Michael Burry, un gestor de fondos al que le faltaba un ojo y padecía el síndrome de Asperger, es el hilo conductor del filme. En 2005 se dio cuenta de que el mercado hipotecario norteamericano era un gigante con pies de barro y apostó contra él: se puso corto en CDS (Credit Default Swap) hipotecarios de siete grandes bancos (Goldman Sachs, Morgan Stanley, Dutsche Bank, Bank of America, UBS, Merrill Lynch y Citigroup), es decir, se la jugó a que los bancos acabarían teniendo que asumir cuantiosas indemnizaciones porque los créditos de las hipotecas, que aparentaban ser muy seguros, no se iban a pagar. Y se hizo de oro. Thinking out the box.
Hasta ahí, los hechos. Pero si pasamos a analizar el trasfondo de la película, el mensaje que subyace a esos muy entretenidos 130 minutos, llegamos a la conclusión de que estamos ante el enésimo intento de reivindicar el papel del Estado como garante de las buenas prácticas en el mercado. El problema, cómo no, fue de la desregulación. En la selva, es sabido, se impone la ley del más fuerte, en este caso los bancos. En ese sentido, el infame Paul Krugman dice de La gran apuesta: "Ustedes querrán saber si la película cuenta de forma correcta la historia económica, financiera y política. Y la respuesta es que sí, en todos los aspectos importantes. Aunque la película recoge los fundamentos de la crisis financiera, el verdadero relato de lo que pasó es tremendamente molesto para algunas personas muy ricas y poderosas".

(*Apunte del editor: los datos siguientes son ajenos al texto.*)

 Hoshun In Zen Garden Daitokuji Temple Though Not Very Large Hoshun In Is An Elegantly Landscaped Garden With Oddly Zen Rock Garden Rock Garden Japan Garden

Pero la película, confundiendo causas con consecuencias, intenta colar la especie de que la crisis de las hipotecas subprime se debió a que los malvados bancos concedieron préstamos a personas que no podían pagarlos (los célebres NINJA) y a que utilizaron instrumentos financieros peligrosos y opacos: los ya citados CDS, los CDO (Collateralized Debt Obligation: productos que combinaban emisiones de deuda de distinta calidad) y los CDO sintéticos (una superestructura de derivados de crédito, algo parecido a una apuesta secundaria sobre el futuro de algunas empresas).

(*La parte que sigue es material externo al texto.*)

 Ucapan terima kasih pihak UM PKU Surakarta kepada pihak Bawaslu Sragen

Y es que todo eso es únicamente una manifestación del origen del problema: la degradación de la liquidez bancaria generada por los perversos incentivos (expectativas de rescate en caso de quiebra, refinanciación permanente) con los que operan estos agentes en un sistema de banca central monopolística. Es decir, la raíz de las desgracias que se narran la encontramos en la intervención total del Estado en el mercado bancario, que promueve que se lleven a cabo unas prácticas sumamente imprudentes (descalce de plazos y riesgos) que en un entorno sometido a una verdadera disciplina de mercado nunca podrían tener lugar. Además, no se incide en que Fannie Mae y Freddie Mac, las dos entidades públicas creadas para facilitar el acceso de los estadounidenses a la vivienda (se dedicaban a comprar hipotecas a los bancos con la garantía del Estado: si el hipotecado no pagaba, el Gobierno se hacía cargo), tuvieron un papel fundamental en el desarrollo de la burbuja inmobiliaria. Y, en fin, se intenta dar la impresión de que los hipotecados fueron unas víctimas inocentes sin ninguna responsabilidad, cuando simplemente quisieron sacar partido a una (perversa) oportunidad de ganancia, bien es verdad que generada por el intervencionismo estatal, y les acabó saliendo mal.
Una última apreciación que la película pasa por alto. A pesar de los pesares, de todo tipo de trabas y de dificultades, la Gran Recesión no acabó con el capitalismo, como tantos falsos profetas vaticinaron. Tras 2008 vino 2009, 2010… y aquí seguimos.